Erik Bedard: Frugal with his answers

“He was dealing tonight,” manager John McLaren said of his starter Erik Bedard. No argument there. He struck out a season-high 10, had two different stretches in which he retired seven in a row and didn’t allow a hit in the final four innings he pitched.
How’d he do it in the same week that he lasted only two innings on the mound in Texas? Well, if something changed, he wasn’t real forthcoming with that. Here’s the transcript of his interview. As you can see by the length, it didn’t take a whole lot of time to compile:
[Author’s note: These were not compiled with any sort of passive-aggressive swipe at Bedard. This was the first time this specific reporter was ever involved in an interview with Bedard. It’s his prerogative how to answer questions. I thought people would be interested in his answers and that’s the only reason I posted them. — Danny O’Neil.]
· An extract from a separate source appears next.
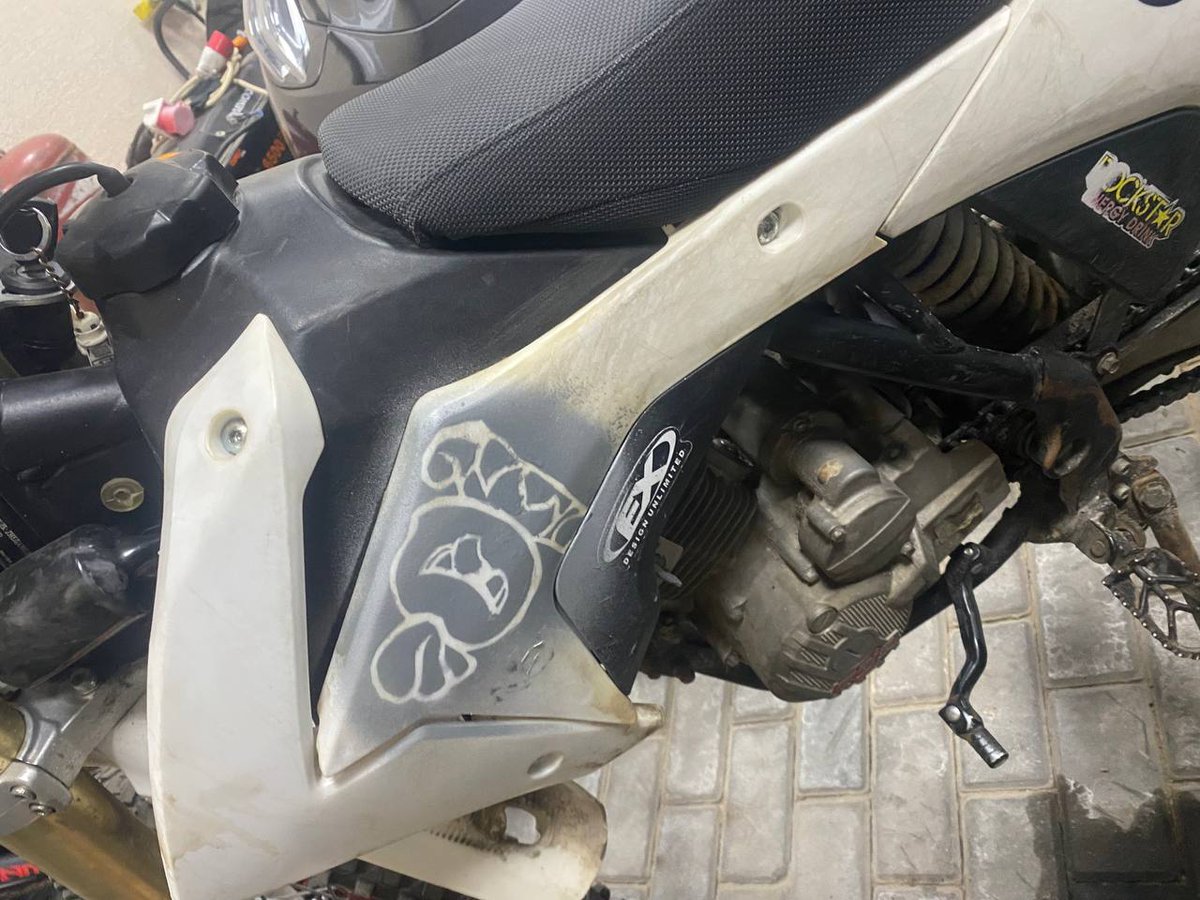 7Strike big fermer #Monsters tweet media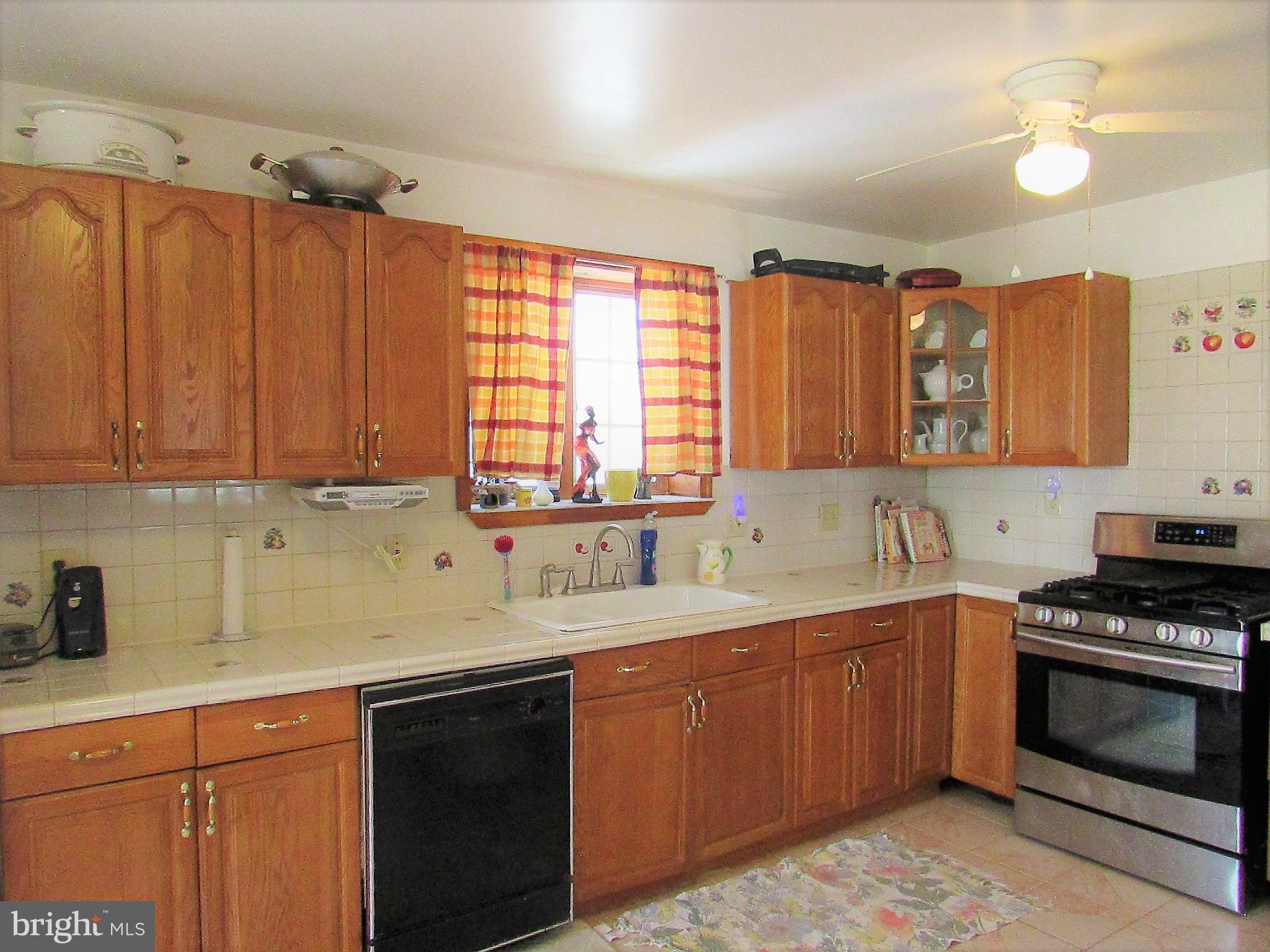 1819 Wynnewood Road Philadelphia, PA 19151 - Photo 3 of 17 Gallery Image 3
Q: What was your approach to the game tonight? The Padres were complimenting you before the game on your aggressiveness.
Bedard: Just trying to throw strikes.
Q: Ten [strikeouts] tonight.
Bedard: Yeah. It doesn’t matter. As long as we get the win at the end of the game, that’s all that matters.
Q: Double digits, though, you have to feel a little bit good about that. Give yourself a little credit.
Bedard: Not really.
Q: You had trouble getting into a rhythm in Texas. Were you able to get into that rhythm tonight?
Bedard: Just trying to throw strikes and get ahead and get ‘em off balance.
Q: More movement on your fastball this game?
Bedard: The same. Same as usual.
Q: Any pitch that was more effective tonight?
Bedard: (Shakes his head).
— End of transcript —
Not real compelling stuff there. In absence of insight from the man himself, we’ll turn to the player who caught his pitches on Saturday night, catcher Jamie Burke:
“His ball was cutting a little bit more tonight,” Burke said. “He just had some good movement on his fastball today and that was a key for him and obviously being able to throw the curveball for strikes and then getting it down when he needed to.”
OK. That helps us understand just how Bedard was so effective.